# New Penn Squall sizes



## fshgut (Sep 10, 2010)

I have a catalog here that has the penn squall in three new sizes
sql25n 290/25 mono
sql30 300/30mono
sql40 300/40 mono
Do these new reels have the magnetic cast control.?


----------



## roostertail (Jul 7, 2012)

I'm looking at a Bass pro Saltwater catalog from last year and the only one it doesn't have is the Squall 25n. Would probably be a sweet reel if its got external mag control. Just a bit big maybe for my preferences but i'm sure some would love it. Anything above the 15 in this catalog is lever drag not star and I don't believe have external mag control.


----------



## Catch This (Nov 19, 2005)

Short Answer is yes, all of the squalls with the star drag have adjustable magnetic braking. Google Penn Reels, click on Conventional and then Squall.


----------



## roostertail (Jul 7, 2012)

The only Squalls with star drag are 12 and 15.


----------



## RuddeDogg (Mar 20, 2004)

roostertail said:


> The only Squalls with star drag are 12 and 15.


For now........


----------



## roostertail (Jul 7, 2012)

> For now........


 So.......You on the Penn development team or something?..


----------



## RuddeDogg (Mar 20, 2004)

roostertail said:


> So.......You on the Penn development team or something?..

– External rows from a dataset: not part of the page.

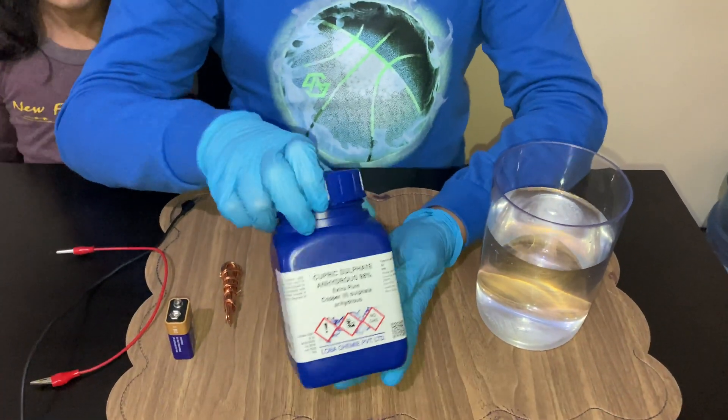I hope you are all doing well. Welcome back to my channel. Today we are going to do a very small experiment on electroplating. Let me show you how to do it.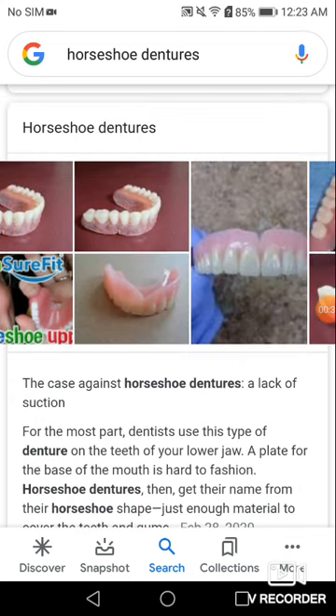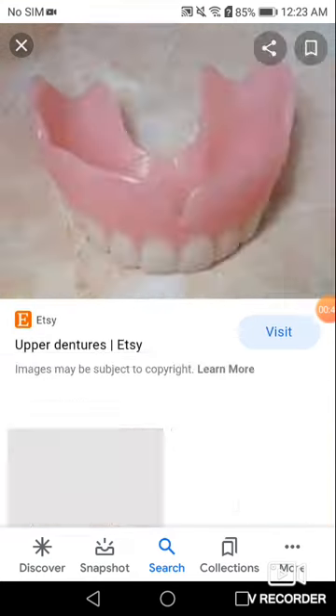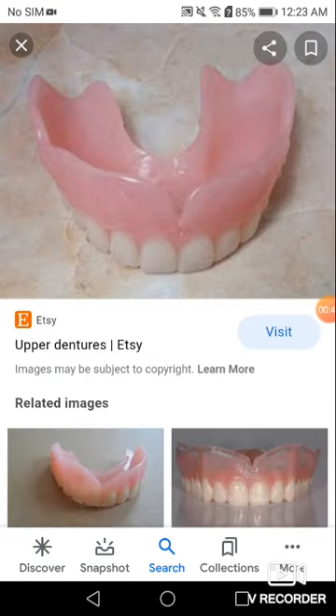I'm going to find some other ones for you guys. Case in point, this one is the top one. See how very little space right in the middle? It doesn't take much off. So can you imagine how much it's going to scrape your tongue and destroy things?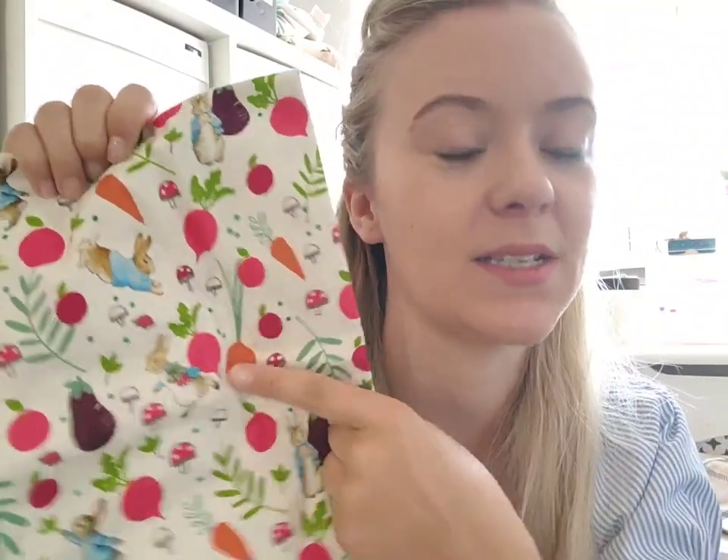My main fabric is this gorgeous Peter Rabbit fabric. A friend of mine was fundraising for a marathon and was making bunting. I wanted this specific fabric for my bunting because I love Peter Rabbit — I love the illustrations and it's got all of these vegetables on it, which is perfect for my allotment. I purchased the fabric and I'll link it down below — I think it might have been eBay.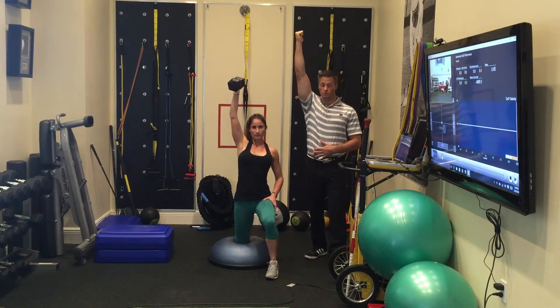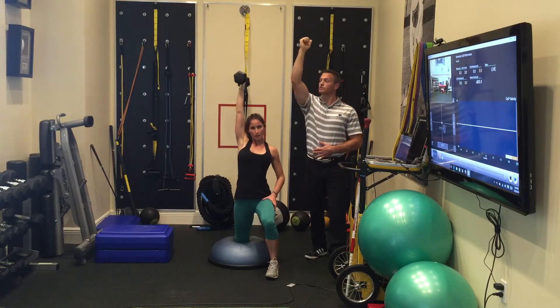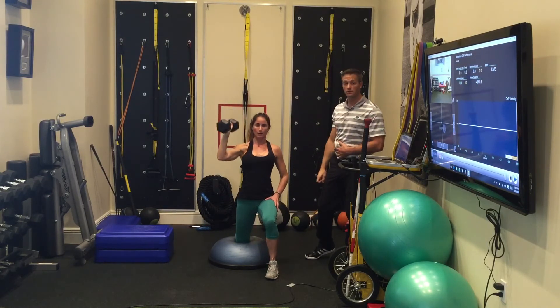Getting full extension, thumb goes back, slightly reach your head forward as you press, so that you're not pressing out here, and everything is nice and balanced right on top of that knee on the BOSU.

No, I just happen to know one of the distributors that comes to the bait shops around here and he said that the nee models will eventually be like the 12 and 15, is that okay? Or do we need your permission to make posts now?


----------



## roostertail (Jul 7, 2012)

No I ain't the boss here! lol! I just wondered how you knew. If someone on here said the Penn Battle is spinning reel not a conventional and I came on here and For Now you would wonder what I knew... Its all cool tho!


----------



## RuddeDogg (Mar 20, 2004)

It's all good my man, maybe I read it wrong or my cabin fever took hold of me. No harm, no foul.


----------



## roostertail (Jul 7, 2012)

I have a severe case of cabin fever myself! Man I am ready for spring!!


----------



## Orest (Jul 28, 2003)

The Squall 25N - for narrow - is a star drag but does not have mag control.


----------



## gilly21 (Feb 15, 2006)

Too bad Penn doesnt have a squall that is magged and holds ~300yrds of 17. Kinda between the 15 and the 25N. That would be my choice of drum reel if there was one.


----------



## fshgut (Sep 10, 2010)

thanks for the info.
And somthing a little smaller than the 25n would be great.


----------